▶ ASSIGNMENT:
Reproduce the records below exactly; no pictures.

════════════════

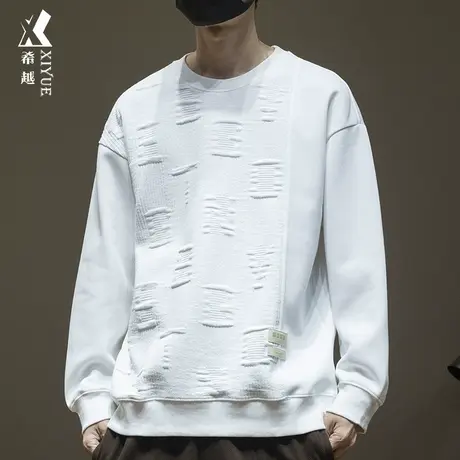 希越高级感拼接毛织布卫衣男圆领2023春秋新款宽松大码内搭打底衫商品大图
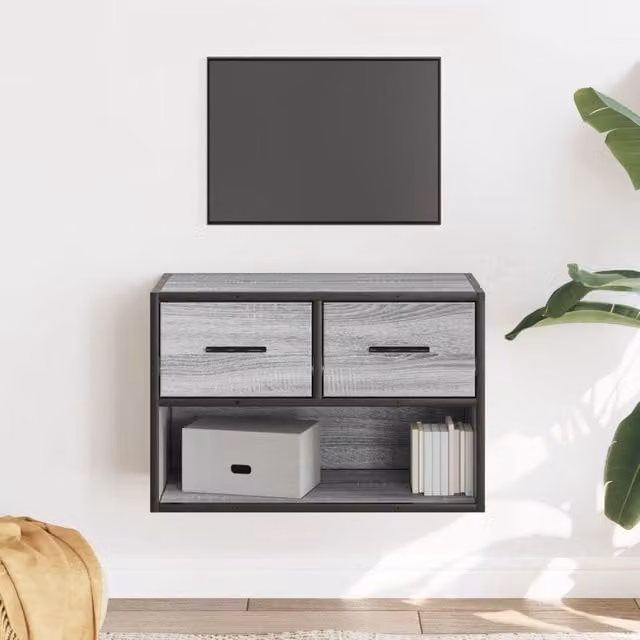 Berkfield Home Industrial TV Cabinet in Grey Sonoma, W/D/H: 60 x 31 x 39.5 cm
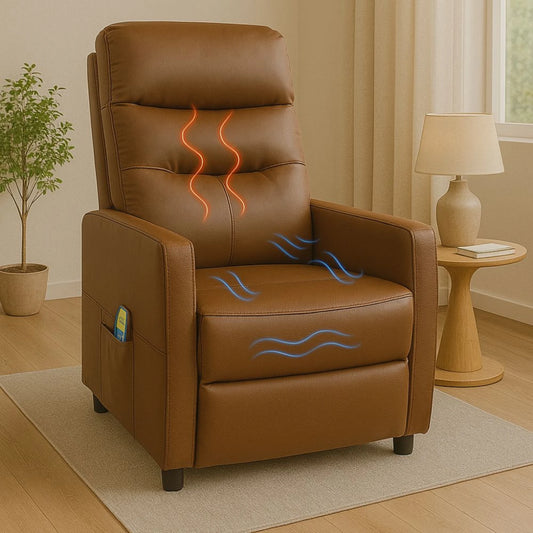 Sillon reclinable 1 cuerpo con masajeador y calefaccion - Marrón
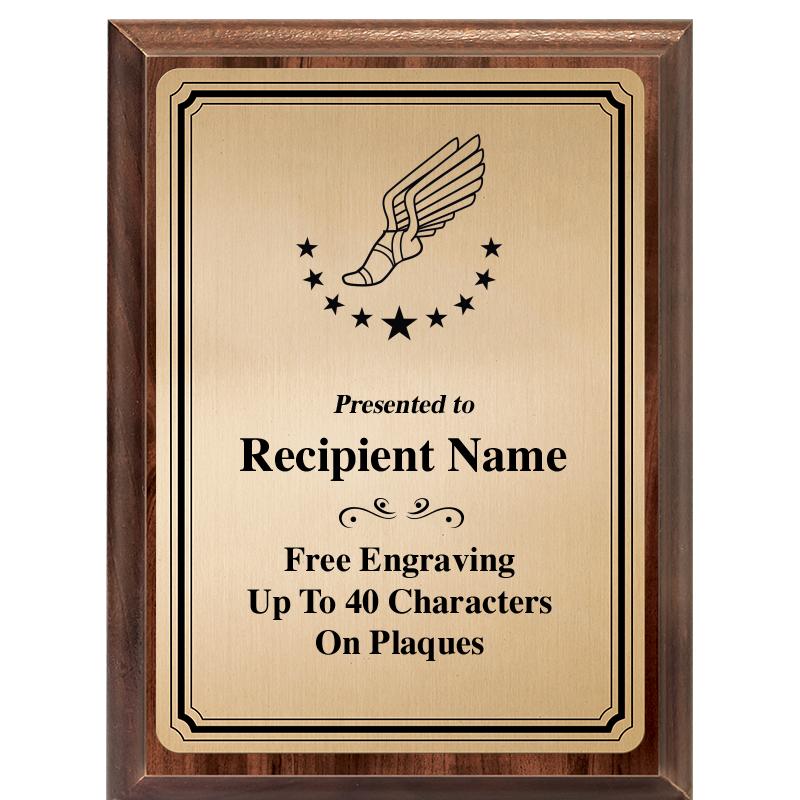 6X8 GOLD TRIO PLT WOOD PLQ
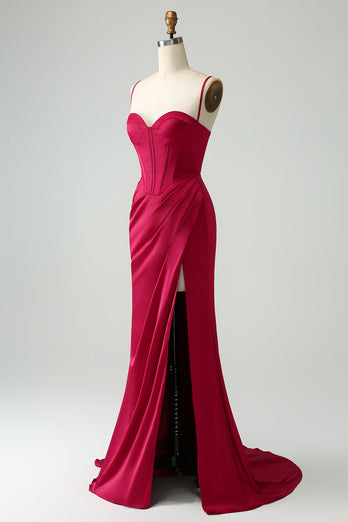 Burgundy Mermaid Corset Spaghetti Straps Prom Dress with Pleated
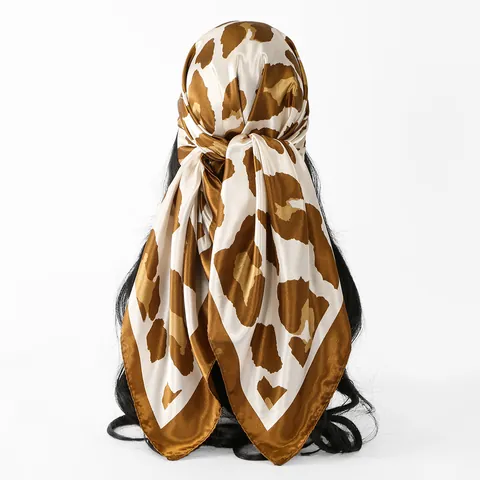 Fashion Korean Leopard Print Satin Square Scarf For Women Polyester Printed Silk Feel Travel Sun Protection Scarf Headscarf Accessory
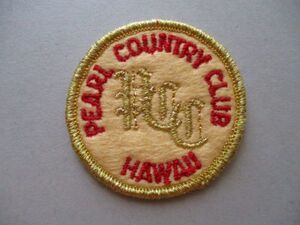 パール カントリークラブPEARL COUNTRY CLUB HAWAIIハワイ刺繍ワッペン/CCアップリケGOLFビンテージGCパッチ昭和レトロ紋章ゴルフ V129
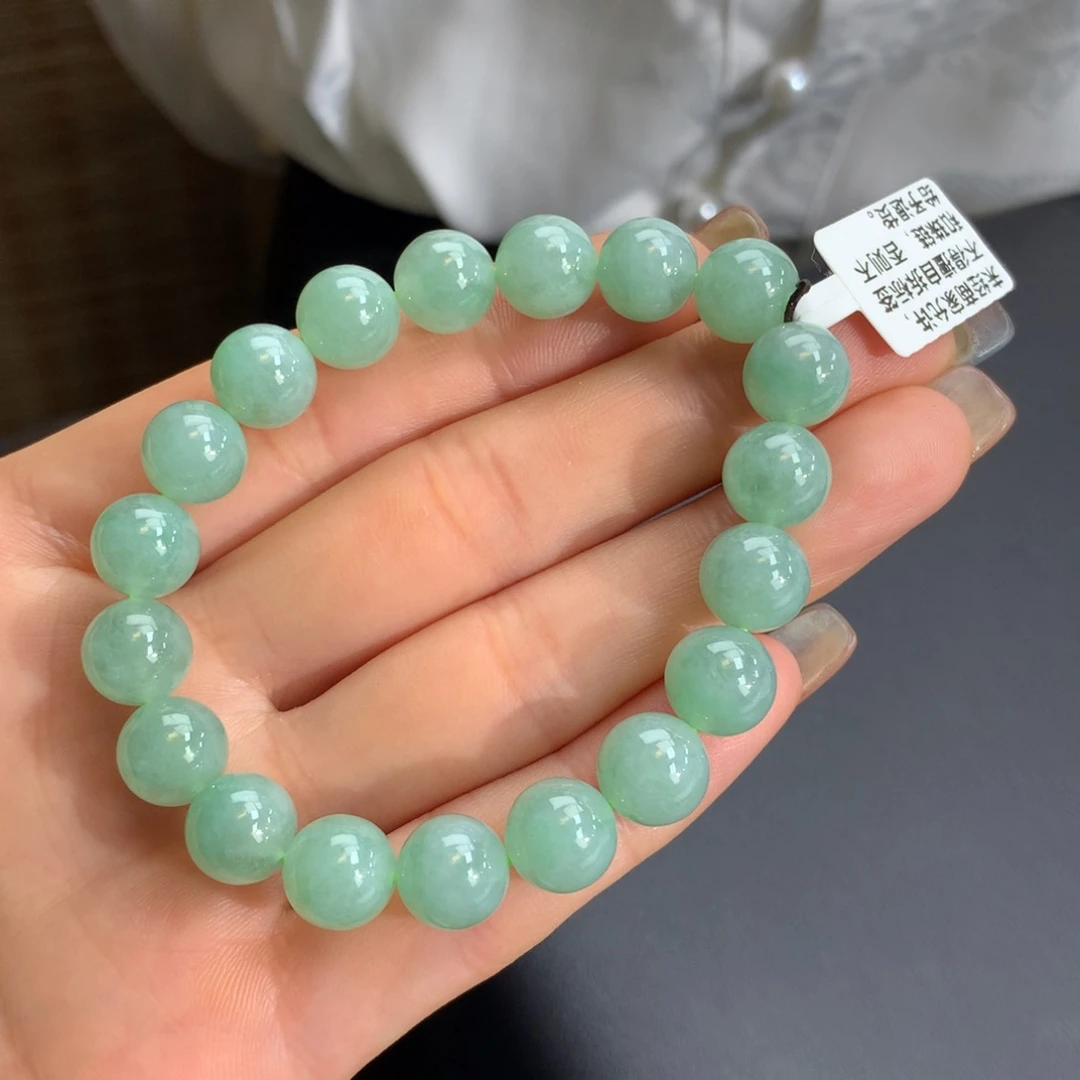 翡翠手链未镶嵌冰胶果绿手链卡10m m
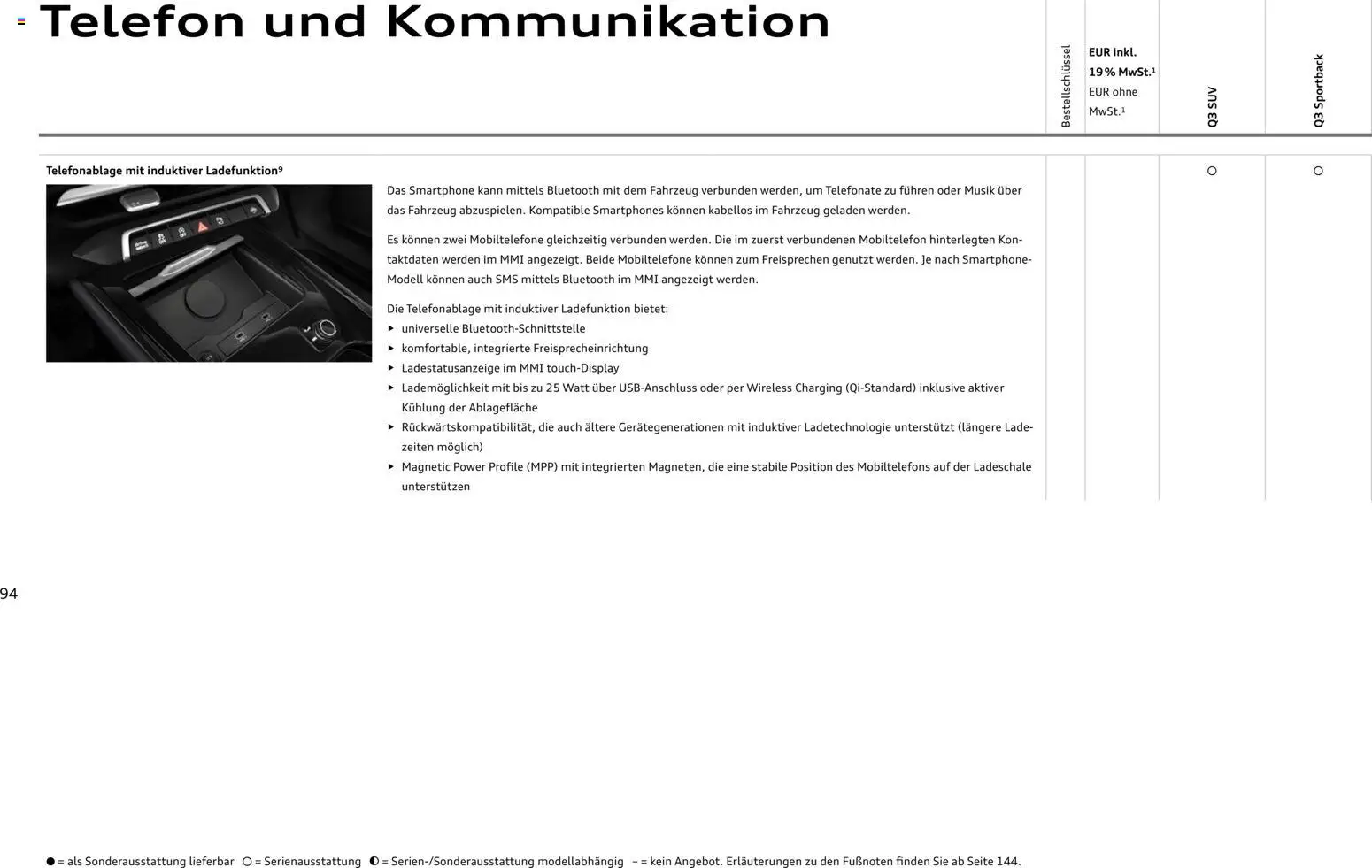 Audi Q3 – gültig ab 02.10.2026 | Seite: 94 | Produkte: Smartphones, Telefon, Smartphone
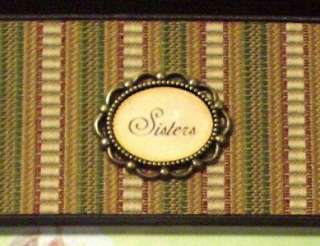 Sisters Picture Photo Frame 4x6 Fabric Scrapbook Style  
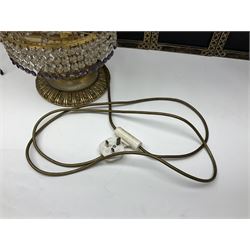 Soapstone table lamp, with carved floral stem, together with three other table lamps, metal candelabra and candlestick, Charles Burton Barber framed print and a Chinese table screen etc 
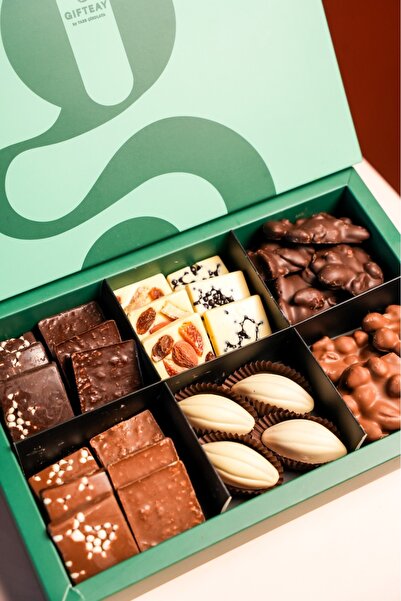 Gifteay Nutty Kutu Çikolata, %100 Gerçek Belçika Çikolatası 650g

════════════════

▶ SOLUTION FOR THIS EXERCISE:
 希越高级感拼接毛织布卫衣男圆领2023春秋新款宽松大码内搭打底衫商品大图
 Berkfield Home Industrial TV Cabinet in Grey Sonoma, W/D/H: 60 x 31 x 39.5 cm
 Sillon reclinable 1 cuerpo con masajeador y calefaccion - Marrón
 6X8 GOLD TRIO PLT WOOD PLQ
 Burgundy Mermaid Corset Spaghetti Straps Prom Dress with Pleated
 Fashion Korean Leopard Print Satin Square Scarf For Women Polyester Printed Silk Feel Travel Sun Protection Scarf Headscarf Accessory
 パール カントリークラブPEARL COUNTRY CLUB HAWAIIハワイ刺繍ワッペン/CCアップリケGOLFビンテージGCパッチ昭和レトロ紋章ゴルフ V129
 翡翠手链未镶嵌冰胶果绿手链卡10m m
 Audi Q3 – gültig ab 02.10.2026 | Seite: 94 | Produkte: Smartphones, Telefon, Smartphone
 Sisters Picture Photo Frame 4x6 Fabric Scrapbook Style  
 Soapstone table lamp, with carved floral stem, together with three other table lamps, metal candelabra and candlestick, Charles Burton Barber framed print and a Chinese table screen etc 
 Gifteay Nutty Kutu Çikolata, %100 Gerçek Belçika Çikolatası 650g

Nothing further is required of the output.